Perhaps, change of variable gives $\displaystyle\int_{\delta}^{\infty}ne^{-n^{2}x^{2}}dx=\int_{n\delta}^{\infty}e^{-x^{2}}dx=\int_{0}^{\infty}e^{-x^{2}}dx-\int_{0}^{n\delta}e^{-x^{2}}dx$. Now Monotone Convergence Theorem gives $\displaystyle\int_{0}^{n\delta}e^{-x^{2}}dx\rightarrow\int_{0}^{\infty}e^{-x^{2}}dx$.
On
$$I=\int_\delta^\infty ne^{-n^2x^2}\, dx=\int_{n \delta }^\infty e^{-y^2}\, dy=\frac{1}{2} \sqrt{\pi } \text{erfc}\left({n\delta }\right)$$ For large values of $z$ (see here) $$\text{erfc}(z)=\frac{e^{-z^2}}{\sqrt \pi}\left(\frac{1}{z}-\frac{1}{2 z^3}+O\left(\frac{1}{z^5}\right) \right)$$ making $$I\sim \frac 12 \frac{e^{-n^2\delta^2}}{n \delta}$$
The key is that the exponential is decaying really fast.
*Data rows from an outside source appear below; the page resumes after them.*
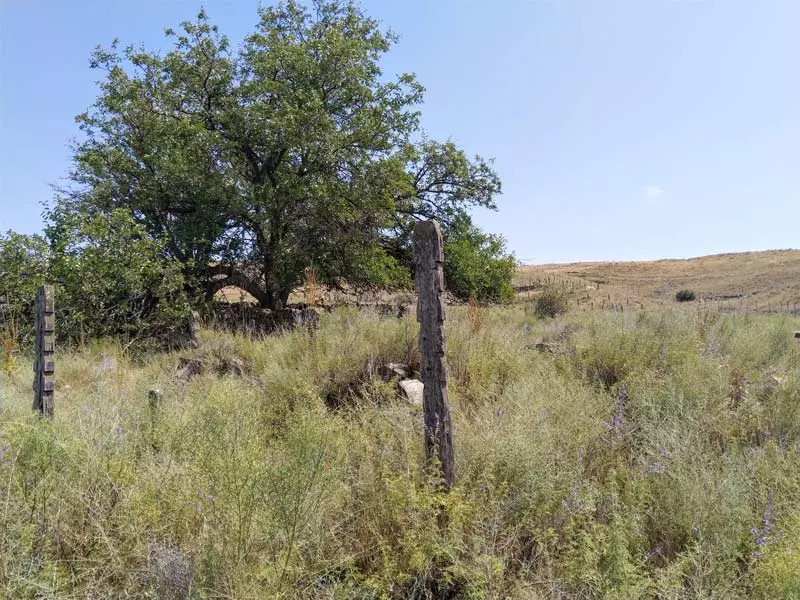 قبرستان «باغلق»؛ گورستانی عجیب در جرگلان خراسان شمالی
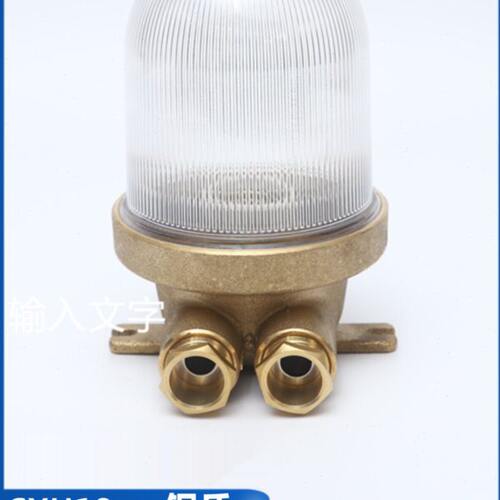 船用CCD9-8-2铜质防水舱顶灯航行灯信号灯CXH19-S透明红绿220V60W
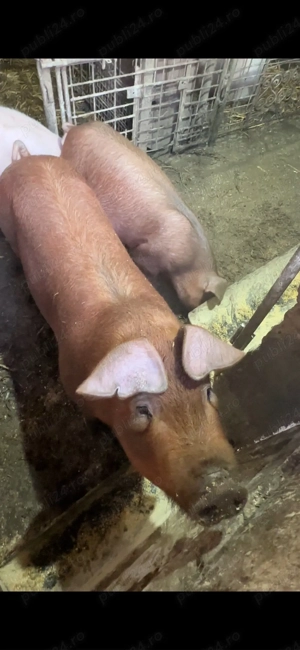 disponibile 2 scrofite duroc pur 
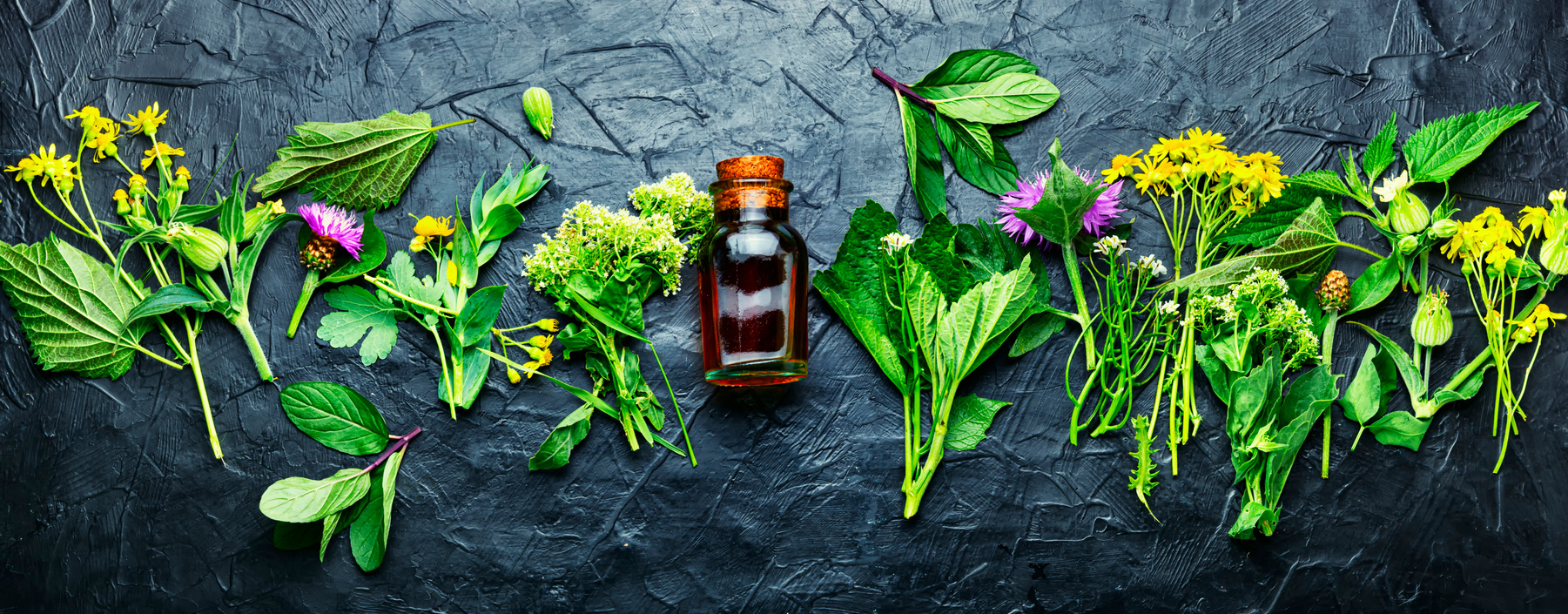 Natural Medicine,Fresh Herbs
Since $x\geq \delta$ in the interval of integration you get $$ 0\leq \int_\delta^{+\infty} ne^{-n^2x^2}\,dx \leq \frac{1}{\delta}\int_\delta^{+\infty}nxe^{-(nx)^2}\,dx =\frac{e^{-(n\delta)^2}}{2n\delta}. $$ Now the squeeze theorem gives the result.